Task brief:
Each line in the material below, starting at the one that contains "Hello folks and" and ending at the one that contains "You can do other", should be repeated exactly; the pictures should not.

Material for this task:
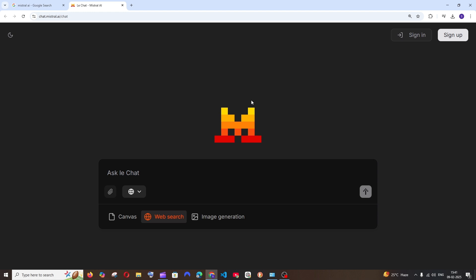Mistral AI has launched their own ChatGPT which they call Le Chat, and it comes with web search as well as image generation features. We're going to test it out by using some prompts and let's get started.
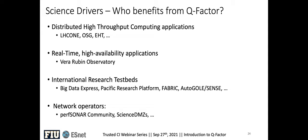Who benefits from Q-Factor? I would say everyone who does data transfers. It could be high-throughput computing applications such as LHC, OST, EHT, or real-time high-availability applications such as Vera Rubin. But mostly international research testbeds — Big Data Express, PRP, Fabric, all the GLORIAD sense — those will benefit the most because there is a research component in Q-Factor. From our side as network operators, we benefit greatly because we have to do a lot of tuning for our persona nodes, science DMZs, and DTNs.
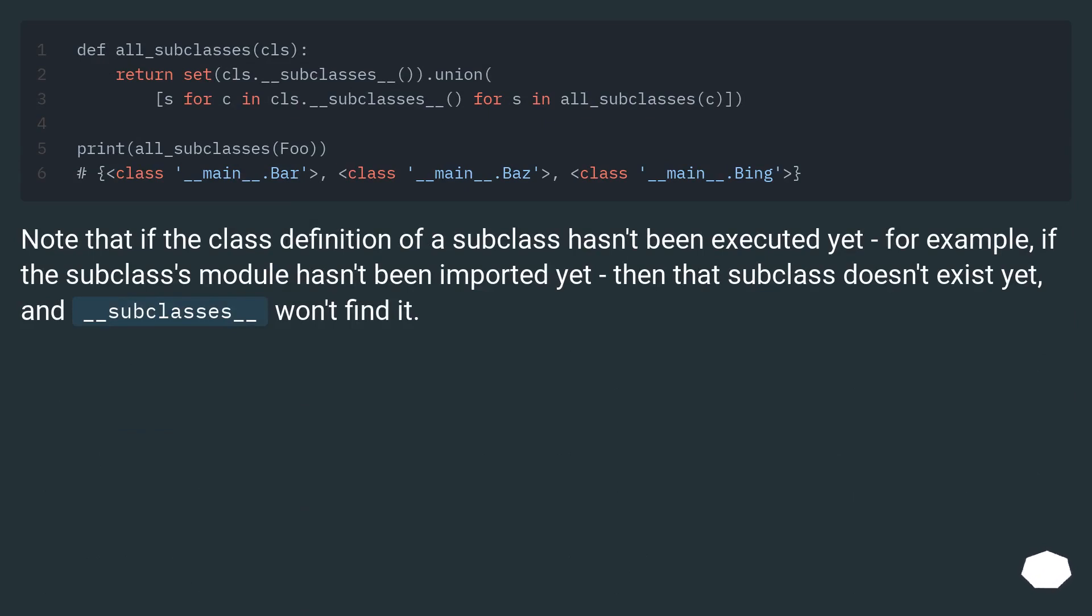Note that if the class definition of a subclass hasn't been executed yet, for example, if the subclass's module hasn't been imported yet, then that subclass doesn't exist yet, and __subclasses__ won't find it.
--
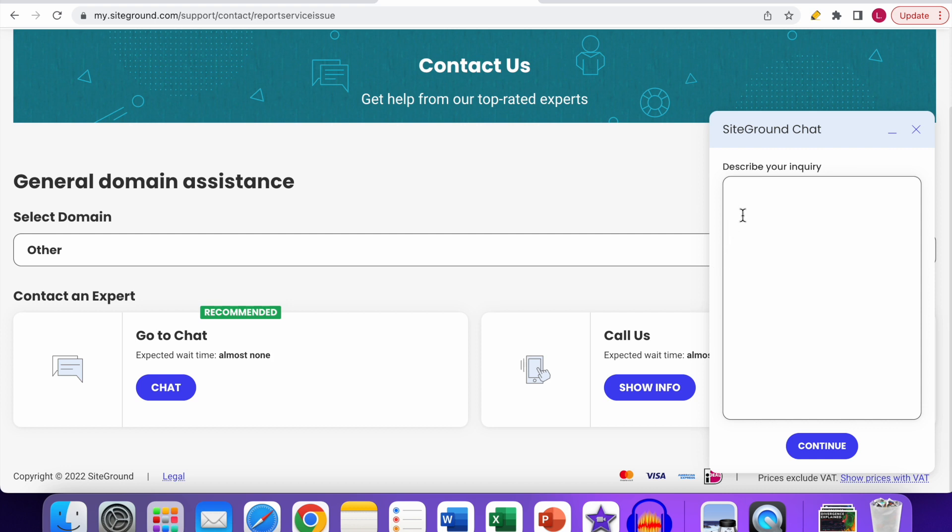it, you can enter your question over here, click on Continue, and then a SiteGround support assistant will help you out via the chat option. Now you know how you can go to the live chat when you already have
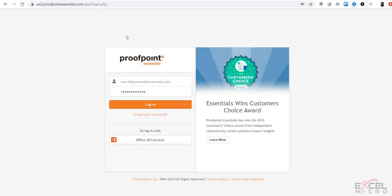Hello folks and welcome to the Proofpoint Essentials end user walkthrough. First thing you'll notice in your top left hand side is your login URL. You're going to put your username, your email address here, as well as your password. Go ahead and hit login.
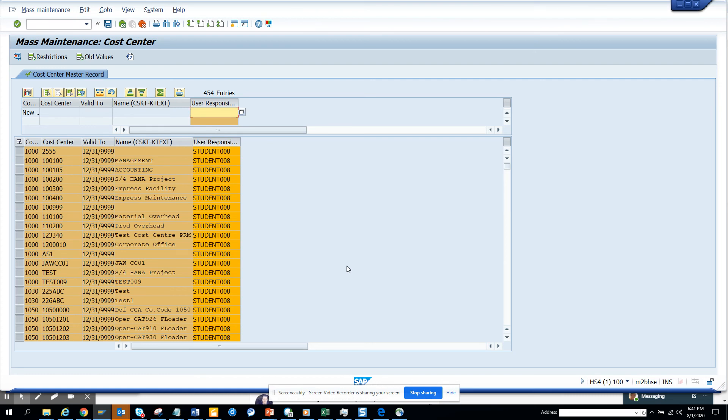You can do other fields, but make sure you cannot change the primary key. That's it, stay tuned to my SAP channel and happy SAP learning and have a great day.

Output for this exercise:
Hello folks and welcome to the Proofpoint Essentials end user walkthrough. First thing you'll notice in your top left hand side is your login URL. You're going to put your username, your email address here, as well as your password. Go ahead and hit login.
You can do other fields, but make sure you cannot change the primary key. That's it, stay tuned to my SAP channel and happy SAP learning and have a great day.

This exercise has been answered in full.